Open Directory works just fine without replicas around, if that's your question.
If your replica server is still around and you "just" want rid of it, then demote it using Server Admin too, and it'll "cleanly" exit the configuration.
Getting rid of a tangled or missing replica server can involve a few extra non-GUI steps, if the replica server is somehow no longer around to exit "cleanly" the configuration, if that's your question. (There's a Krypted post on this topic, for instance.)
Currently Being ModeratedNov 14, 2012 6:21 AM (in response to bsungur)
I think that you will want to....
- ensure you have proper (and occasionally tested) backups of your Open Directory data, as OD does occasionally get corrupted, disks do fail, server security does get breached, and accidents do happen.
- establish an OD replica if/when your local operations become or are large enough to require that your authentication needs better uptime, or if you're starting to distribute your authentication data across multiple (remote) sites.
- consider an upgrade to newer versions of OS X Server, as OS X Server 10.6 has largely fallen off Apple support.
Is running one Open Directory server and no replicas particularly problematic? Not really.

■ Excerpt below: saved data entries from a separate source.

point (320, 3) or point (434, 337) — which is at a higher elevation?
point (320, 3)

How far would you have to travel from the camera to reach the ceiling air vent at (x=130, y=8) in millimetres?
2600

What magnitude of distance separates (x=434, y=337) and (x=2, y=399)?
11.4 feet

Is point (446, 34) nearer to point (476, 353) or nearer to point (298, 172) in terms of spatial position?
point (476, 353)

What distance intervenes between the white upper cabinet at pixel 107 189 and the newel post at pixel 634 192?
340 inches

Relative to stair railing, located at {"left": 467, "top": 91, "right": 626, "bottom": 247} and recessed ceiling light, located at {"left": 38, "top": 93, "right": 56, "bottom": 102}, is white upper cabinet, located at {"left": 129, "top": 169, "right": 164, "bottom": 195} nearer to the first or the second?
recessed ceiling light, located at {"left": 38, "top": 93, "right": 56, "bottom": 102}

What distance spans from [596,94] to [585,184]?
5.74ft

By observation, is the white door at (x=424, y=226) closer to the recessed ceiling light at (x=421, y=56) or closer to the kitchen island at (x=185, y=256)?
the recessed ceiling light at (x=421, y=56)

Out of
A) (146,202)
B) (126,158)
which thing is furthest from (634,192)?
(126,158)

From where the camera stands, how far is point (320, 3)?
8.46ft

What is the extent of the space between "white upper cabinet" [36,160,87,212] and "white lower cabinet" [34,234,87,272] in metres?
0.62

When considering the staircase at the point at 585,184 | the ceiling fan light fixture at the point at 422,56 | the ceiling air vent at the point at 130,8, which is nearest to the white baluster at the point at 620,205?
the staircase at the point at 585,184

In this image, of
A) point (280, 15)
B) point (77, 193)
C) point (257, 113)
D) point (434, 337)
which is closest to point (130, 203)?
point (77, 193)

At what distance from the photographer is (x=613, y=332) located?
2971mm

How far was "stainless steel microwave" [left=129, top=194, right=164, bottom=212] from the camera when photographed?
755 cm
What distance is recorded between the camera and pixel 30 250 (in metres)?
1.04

I know a number of sites that have services (DNS, OD, mail, whatever) that are effectively single points of failure. But that's as much a business decision as a technical one, and business decisions are almost always local decisions.

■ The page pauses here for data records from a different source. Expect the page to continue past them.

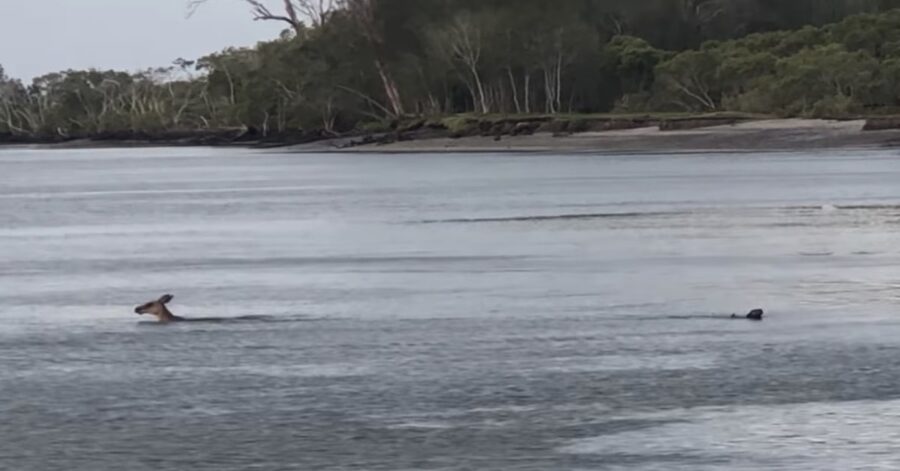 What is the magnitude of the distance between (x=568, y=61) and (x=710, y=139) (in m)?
20.0

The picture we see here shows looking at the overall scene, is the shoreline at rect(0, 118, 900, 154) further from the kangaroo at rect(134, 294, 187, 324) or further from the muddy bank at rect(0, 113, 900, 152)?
the kangaroo at rect(134, 294, 187, 324)

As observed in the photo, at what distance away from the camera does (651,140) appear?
66.2m

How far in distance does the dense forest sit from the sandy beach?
4586 mm

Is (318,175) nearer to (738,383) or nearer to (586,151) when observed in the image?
(586,151)

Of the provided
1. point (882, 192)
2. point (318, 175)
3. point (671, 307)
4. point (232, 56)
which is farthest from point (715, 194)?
point (232, 56)

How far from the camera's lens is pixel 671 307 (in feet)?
52.1

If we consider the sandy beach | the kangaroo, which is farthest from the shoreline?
the kangaroo

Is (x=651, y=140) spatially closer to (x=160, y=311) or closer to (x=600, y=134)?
(x=600, y=134)

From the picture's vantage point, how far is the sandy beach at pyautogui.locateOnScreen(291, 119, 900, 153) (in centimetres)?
5825

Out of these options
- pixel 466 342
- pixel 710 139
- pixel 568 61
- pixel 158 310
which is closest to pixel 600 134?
pixel 710 139

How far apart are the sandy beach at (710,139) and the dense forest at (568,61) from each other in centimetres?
459

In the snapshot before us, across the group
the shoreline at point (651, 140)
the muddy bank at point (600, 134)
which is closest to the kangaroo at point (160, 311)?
the shoreline at point (651, 140)

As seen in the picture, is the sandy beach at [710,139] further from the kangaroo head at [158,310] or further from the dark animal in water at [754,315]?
the kangaroo head at [158,310]

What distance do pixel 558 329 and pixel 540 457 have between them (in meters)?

Currently Being ModeratedNov 20, 2012 12:59 PM (in response to bsungur)
If there are no LDAP replicas, then it would be somewhat unusual for the replication mechanisms to be active.
I'm not sure whether there is a larger question here that you're not directly asking, or whether you're trying to learn how LDAP and related pieces fit together or — and this is usually the most hazardous to your sanity — whether you're poking around with hidden viewing enabled — that bullseye icon — and looking in log files for scary-looking things.
If it's the latter, you'll definitely find scary messages, weird messages, odd errors, and related. And typically, there are no problems, either. Turn off the hidden views and related, and let OS X Server do its work.
If you're trying to learn LDAP, there are some pretty good books on that topic, including one or two from O'Reilly. The OS X Server manuals for 10.6 have some decent details, too.
If it's the former — if you have a particular and overarching question here — well, ask away.